Srikaya is scientifically known in Latin as Annona squamosa. The species name of sugar apple 'squamosa' refers to the fruit's protruding appearance. Internationally it is known as sugar apple or sweetsop. In Malaysia, this plant is known as nona fruit or sri kaya, lanang in Thailand, atis in the Philippines, amritaphala or aatoa in India and anona blanca in Spanish-speaking countries.
Srikaya or sweet sop is believed to originate from South America, especially the Caribbean region, which was then distributed to many other countries in South America, North America and Asia, including Indonesia.
This plant is Included in the evergreen plants, sweet sop can grow up to 4 to 6 meters tall. The main characteristic of this tree is its yellowish-green fruit that resembles short pine cones. Sweet is attacked by a number of pests that eat the roots, stems, leaves, and fruit as well as fungi on the dry and rotten fruit.
The leaves are hairy green when young with a thin, oval-shaped egg and are pointed at the tip. The leaves are about 6 to 10 cm long.

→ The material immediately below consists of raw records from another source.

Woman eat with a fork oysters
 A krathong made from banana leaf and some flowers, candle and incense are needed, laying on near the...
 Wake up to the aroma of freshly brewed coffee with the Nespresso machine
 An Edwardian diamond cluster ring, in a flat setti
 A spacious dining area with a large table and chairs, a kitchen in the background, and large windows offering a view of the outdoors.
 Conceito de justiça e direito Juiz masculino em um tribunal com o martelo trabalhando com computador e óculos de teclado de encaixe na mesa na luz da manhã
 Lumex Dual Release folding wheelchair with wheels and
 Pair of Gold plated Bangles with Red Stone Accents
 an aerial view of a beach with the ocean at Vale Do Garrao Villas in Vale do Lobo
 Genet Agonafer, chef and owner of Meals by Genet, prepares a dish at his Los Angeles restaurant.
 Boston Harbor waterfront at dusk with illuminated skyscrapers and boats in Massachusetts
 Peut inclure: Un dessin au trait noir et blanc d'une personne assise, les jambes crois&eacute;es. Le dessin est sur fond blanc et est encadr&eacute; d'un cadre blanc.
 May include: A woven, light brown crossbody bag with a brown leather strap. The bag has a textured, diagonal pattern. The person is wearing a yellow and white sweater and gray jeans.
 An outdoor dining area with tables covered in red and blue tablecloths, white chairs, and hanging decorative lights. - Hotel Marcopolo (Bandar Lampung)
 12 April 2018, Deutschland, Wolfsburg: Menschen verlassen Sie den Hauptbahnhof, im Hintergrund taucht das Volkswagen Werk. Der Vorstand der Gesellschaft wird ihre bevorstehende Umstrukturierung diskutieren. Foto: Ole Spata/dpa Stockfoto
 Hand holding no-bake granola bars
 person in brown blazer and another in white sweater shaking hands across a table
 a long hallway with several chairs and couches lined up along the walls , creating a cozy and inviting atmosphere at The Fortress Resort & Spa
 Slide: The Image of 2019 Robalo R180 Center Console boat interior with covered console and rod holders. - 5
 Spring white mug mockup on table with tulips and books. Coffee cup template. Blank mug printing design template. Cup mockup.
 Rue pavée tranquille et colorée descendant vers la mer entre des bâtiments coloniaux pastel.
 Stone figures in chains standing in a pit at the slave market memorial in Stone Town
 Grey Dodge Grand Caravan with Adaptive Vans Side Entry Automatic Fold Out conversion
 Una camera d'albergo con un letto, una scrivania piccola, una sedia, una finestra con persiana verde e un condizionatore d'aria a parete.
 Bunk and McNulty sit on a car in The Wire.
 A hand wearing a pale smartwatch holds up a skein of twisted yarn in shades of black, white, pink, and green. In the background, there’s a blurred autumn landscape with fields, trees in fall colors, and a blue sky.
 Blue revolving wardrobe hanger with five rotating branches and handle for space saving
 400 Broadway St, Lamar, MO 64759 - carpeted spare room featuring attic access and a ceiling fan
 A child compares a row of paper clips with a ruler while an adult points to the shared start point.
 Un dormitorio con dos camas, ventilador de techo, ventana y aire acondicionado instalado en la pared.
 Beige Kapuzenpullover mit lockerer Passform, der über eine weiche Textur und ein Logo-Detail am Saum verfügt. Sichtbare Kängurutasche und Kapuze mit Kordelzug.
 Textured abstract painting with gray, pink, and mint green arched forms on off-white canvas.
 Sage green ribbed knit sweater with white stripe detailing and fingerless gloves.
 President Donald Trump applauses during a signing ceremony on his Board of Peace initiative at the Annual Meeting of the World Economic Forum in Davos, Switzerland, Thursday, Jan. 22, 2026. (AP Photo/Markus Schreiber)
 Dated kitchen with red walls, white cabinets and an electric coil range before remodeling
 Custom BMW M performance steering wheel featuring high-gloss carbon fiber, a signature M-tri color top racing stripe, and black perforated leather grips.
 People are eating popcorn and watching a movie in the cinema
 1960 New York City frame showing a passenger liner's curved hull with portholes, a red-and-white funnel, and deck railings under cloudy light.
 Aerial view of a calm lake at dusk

The flowers are small, about 2.54 cm long, produced singly or in groups of 2 to 4 from the leaf axils on shoots when they are one year old or on new growth. The flowers consist of 3 fleshy green petals, 3 small inconspicuous sepals, and numerous pistils on the same receptacle.
Sweet Sop Variety
Three forms of sweet sop are found in the Philippines, namely the seedless form with green fruit which grows in most parts of the Philippines, the seedless form with purple fruit which was reportedly introduced from India, and the seedless green fruited form of unknown origin.
The other varieties according to Harley (2023) are;
- Na Dai Vietnam – A sweet and chewy Vietnamese variety of sweet sop
- Thai Lessard – A green sweet sop variety from Thailand that is famous for its large, sweet sweet sops
- Kampong Mauve – A purple sweet sop variety that develops beautiful purple and red cheek hues and is said to have a sweet taste
- Thai Purple – A purple sweet sop variety that develops a purple blush and is very productive
- Thai Golden – A yellow rather than green variety of sweet sop from Thailand. This variety of sweet sop is sweet and chewy and has a unique yellow or golden appearance
How to Plant Sweet Sop
In general, sweet sop trees should be planted in full sunlight for growth to produce the best fruit production. Sweet sop adapts well to most types of well-drained soil, including sand and limestone-based soils. Trees in dirty, heavily fertilized soil tend to grow stronger but produce less fruit due to the high native nitrogen content. Sweet sop trees are intolerant of soil that is constantly wet or waterlogged (H. Crane et al.).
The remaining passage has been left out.